The approval by the Turkish Grand National Assembly of the martial law court's death sentences for Deniz Gezmis, Yusuf Arslan, and Huseyin Inan on March 10, 1972 after the decision had passed through the Military Court of Appeals was to become one of the most disgraceful events in the annals of Turkish politics of that period.

That day, 118 out of 441 deputies did not participate in the voting, of the 323 voting members, two abstained and 48 voted against, while 273 deputies from the Justice Party (AP), the Republican People's Party (CHP), the Trust Party (GP), the Nationalist Movement Party (MHP), the Nation Party (MP), the New Turkey Party (YTP), and the Unity Party (BP) voted in favor of the execution of the three revolutionary youth.

And the fourth March 12... 28 years ago, on March 12, 1995, during the Tansu Ciller administration in which the CHP was a partner, the Counter-Guerrilla invaded the Gazi District in Istanbul, which was densely populated by Alevi citizens, killing 22 citizens and injuring hundreds of others. Despite the witness statements that “the police trampled on our dead and wounded,” only two police officers would be sentenced, soon to be released from prison where they stayed for a very brief time with the passage of the infamous "Rahsan Amnesty.”

WHAT THE NATIONAL SALVATION PARTY DID IN 1974 IS WHAT THE FELICITY PARTY WILL DO IN 2023

I will now go back to March 12 of this year... The news of Felicity Party leader Temel Karamollaoglu’s attempt to form a triple alliance with the Future and DEVA parties within the Nation Alliance and the assurance he gave to Islamist voters that Imam Hatip schools and congregations will never be touched is reverberating in the media.

This is not surprising for the generations who remember the 1974 elections and how the CHP-MSP (National Salvation Party) coalition was formed afterwards.

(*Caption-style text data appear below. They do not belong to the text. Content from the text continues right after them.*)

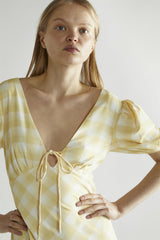 Yellow Ombre-Check A-Line Midi-Dress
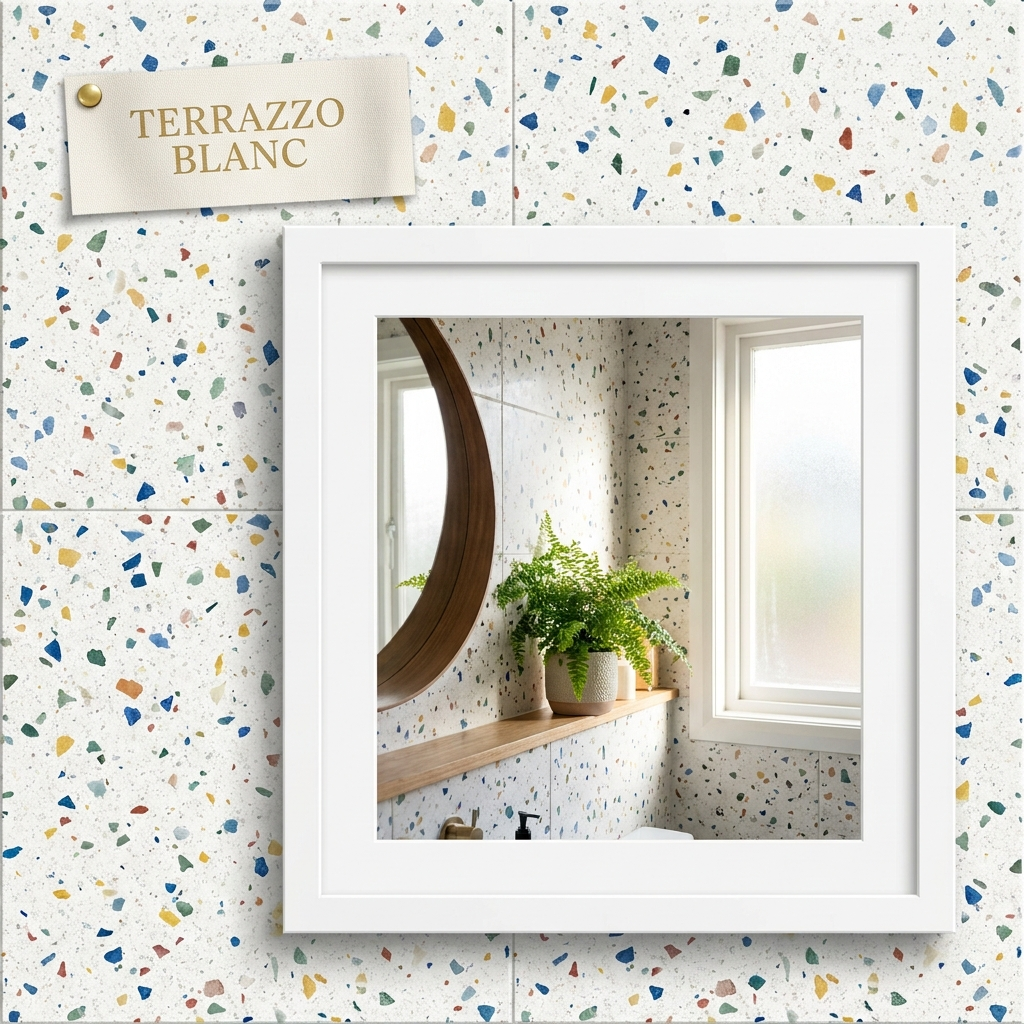 Panneau PVC Terrazzo Blanc — ambiance salle de bain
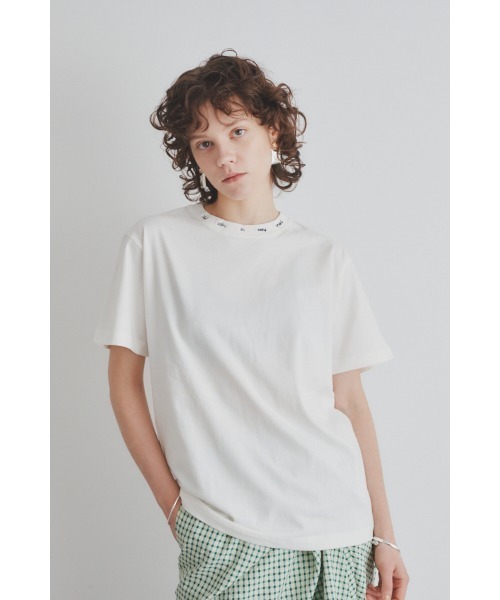Muel Chic(ミュエルシック)の「Calm Tshirt / カルムTシャツ(Tシャツ/カットソー・レディース・ベージュ/インディゴブルー/オフホワイト/ブラック/ライトピンク・FREE)」の11枚目の写真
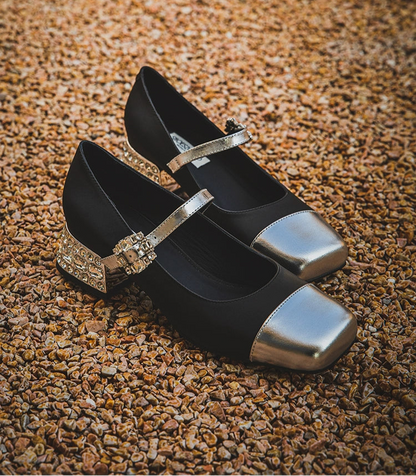 SHOESZOOO Maryjane Leather Square-toe Block Heels - PLIANT.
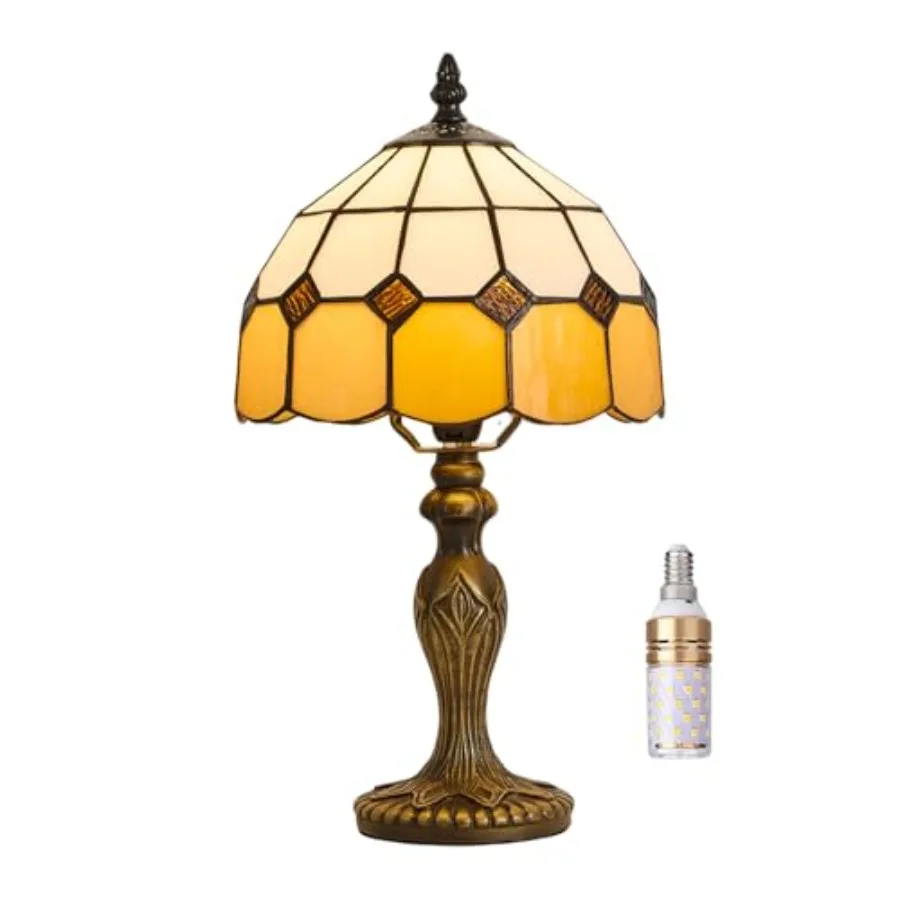 

Tiffany-Style 8 Inch Table Lamp Mediterranean Series Stained Glass Lampshades Small Bedside Lamp Reading Antique Desk Light Liv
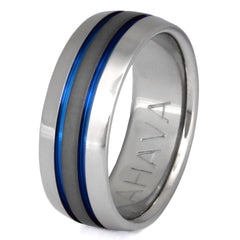 Thin Blue Line Titaniujm Ring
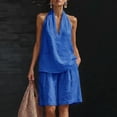 thumbnail image 2 of SROBPTY Summer Womens Set Solid Sleeveless V-Neck Tops Elastic Waist Shorts Outfits, 2 of 5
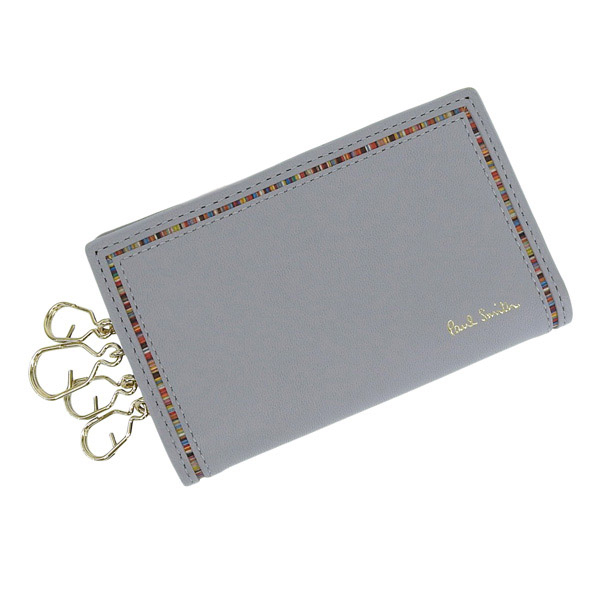 【ストアポイント5%還元】ポールスミス キーケース 小銭入れ付き 4連 メンズ レディース アウトレット 鍵入れ グレー ストライプ BPS276 PAUL SMITH(11050円)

When an amnesty for political prisoners was issued after the establishment of the coalition of which Bulent Ecevit was the Prime Minister and Necmettin Erbakan was the Deputy Prime Minister, the release of the Islamists imprisoned and convicted under Article 163 of the Penal Code was unanimously approved but when the turn came to pardon the leftists arrested under Articles 141 and 142, MSP deputies voted "No" with great pride. The escape of these leftists from prison was made possible only through the decision of the Supreme Court.

Regarding the Cyprus operation in 1974, The CHP-MSP coalition dissolved on September 17, 1974, as Deputy Prime Minister Erbakan, not content with the occupation of half of the island, imposed on the government the conquest of the entire island.

Right afterwards, Erbakan pushed democracy to the side and took part in the First Nationalist Front government in March 1975, in which the AP, MHP and the CGP (Republican Reliance Party) were also included. Erbakan was also part of the Second Nationalist Front government, which was formed with the participation of the same parties in July 1977, as a Minister of State and Deputy Prime Minister. Later, he also supported the minority government established by the AP in November 1979 from the outside.

After the long prohibition period after the September 12 coup, Erbakan, who founded the Welfare Party in 1987, formed the Welfare-Path coalition government with Tansu Ciller in 1996 and began to host what amounted to banquets for religious sect leaders and sheikhs at the prime minister's residence. This triggered the February 28 period, and on June 18, 1997, Erbakan was made to resign from his position as prime minister.

Erbakan's Welfare Party was dissolved by the Supreme Court on January 16, 1998, alongside the Virtue Party, which he also founded, in June 2001.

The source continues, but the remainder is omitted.